Née en 1606, Jeanne Mance est issue de la bourgeoisie de robe; son père était procureur du roi à Langres (en Champagne). Il avait épousé la fille d’un confrère.

À l’époque, la population de la France était environ le double de la population actuelle du Québec. Si bien que dans le petit monde de la noblesse et la haute bourgeoisie, tout le monde connaissait à peu près tout le monde.

N’ayant peu d’inclinaison pour la vie religieuse ni pour le mariage, Jeanne Mance avait choisi de se consacrer aux soins des malades. Pour ce faire, elle s’occupait d’œuvres charitables.

Or sa famille dévote comptait plusieurs ecclésiastiques qui avaient séjourné en Nouvelle-France.
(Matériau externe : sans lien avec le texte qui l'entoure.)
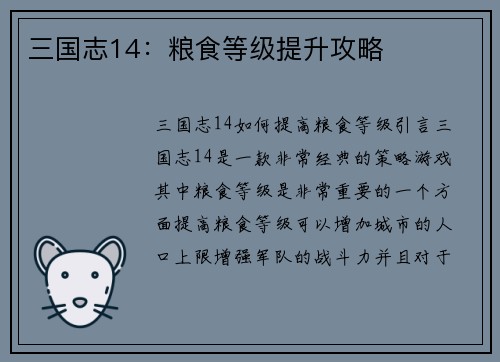 三国志14：粮食等级提升攻略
Si bien qu’à leur retour, ils racontaient leur pénible traversée, les immenses paysages sauvages qu’ils ont vus, et les peuples étranges qu’ils ont rencontrés et qu’on appelait les ‘Sauvages’ (ce qui, à l’époque, qualifie les gens qui vivent dans les forêts).
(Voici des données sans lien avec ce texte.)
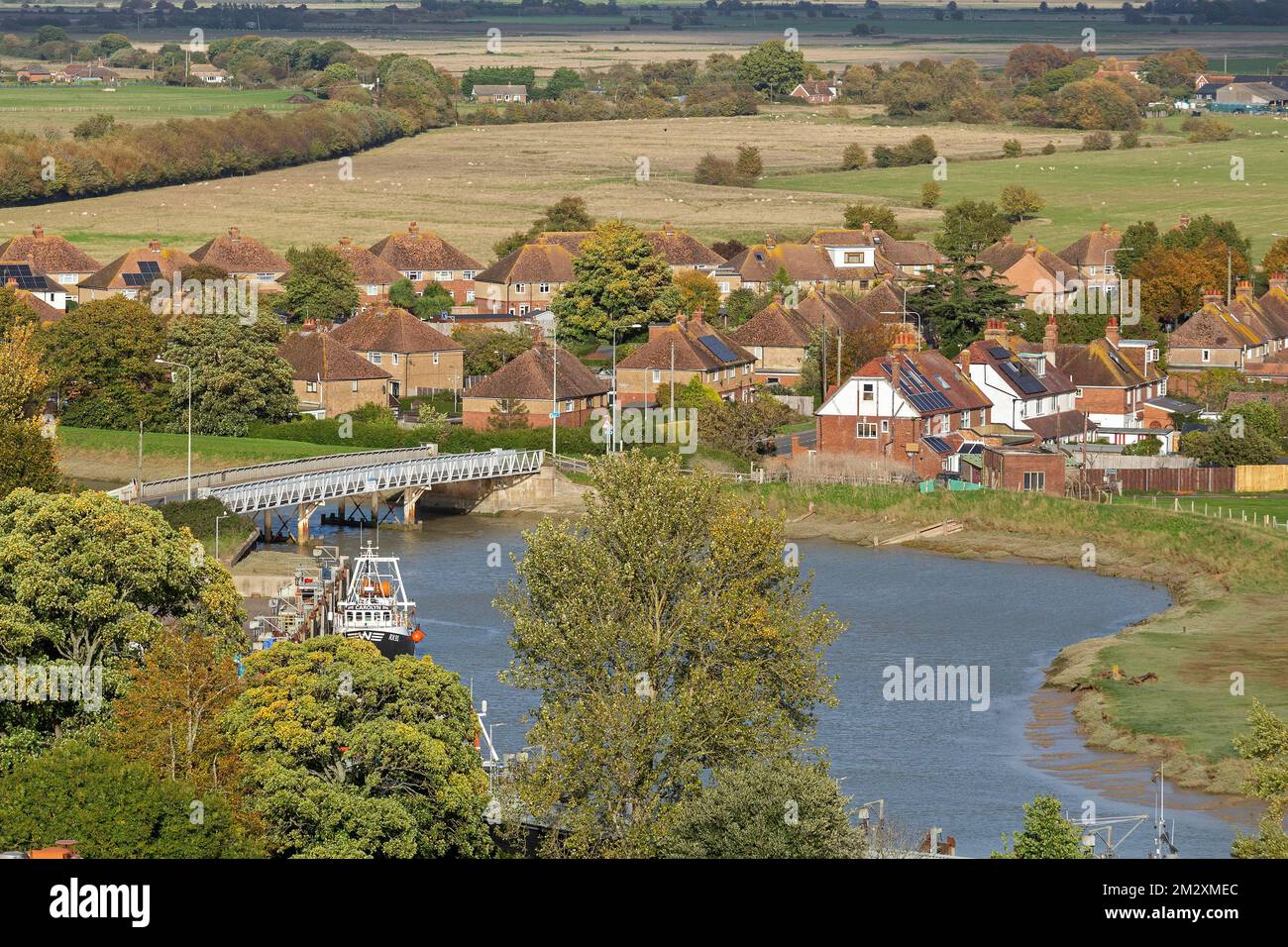 River Rother, Houses, Rye, East Sussex, England, United Kingdom Stock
Alors que l’élan missionnaire s’empare du milieu catholique français, Jeanne Mance décide elle aussi de tenter l’aventure.

Elle se rend à Paris en 1630 où elle rencontre, entre autres, Angélique de Bullion, veuve du surintendant des finances de France dont elle avait hérité de l’immense fortune.
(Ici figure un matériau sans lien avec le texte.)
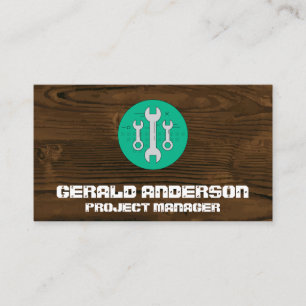 Wood Grain Wrench Tools Business Card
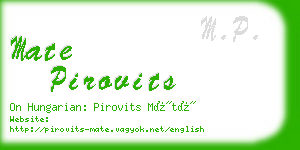 mate pirovits business card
Or cette dernière caressait l’idée d’établir un hôpital quelque part au Canada (le nom donné au XVIIe siècle à la vallée du Saint-Laurent).

À leur quatrième rencontre, Madame de Bullion demande à Jeanne Mance si elle souhaiterait réaliser son projet. Une proposition que celle-ci accepte.

À cette fin, elle se rend en 1641 à La Rochelle. C’est de ce port que partaient les bateaux pour la Nouvelle-France. Mais avant de partir, elle rencontre Paul de Chomedey de Maisonneuve, chef d’une expédition qui doit fonder une colonie sur l’ile du mont Royal (alors inhabitée).

Celui-ci se cherche une femme vertueuse et compétente pour gérer cette colonie. Enthousiaste, Jeanne Mance accepte cette responsabilité.

Cette rencontre détermine donc le lieu où Jeanne Mance œuvrera: Ville-Marie (soit, de nos jours, Montréal).

Après la construction d’une palissade et des cabanes en rondins (qui bientôt cèdent leur place à des maisons de bois plus confortables), Ville-Marie prend l’aspect d’un fort en bois.

Toutefois, en 1653, la situation de Ville-Marie devient précaire.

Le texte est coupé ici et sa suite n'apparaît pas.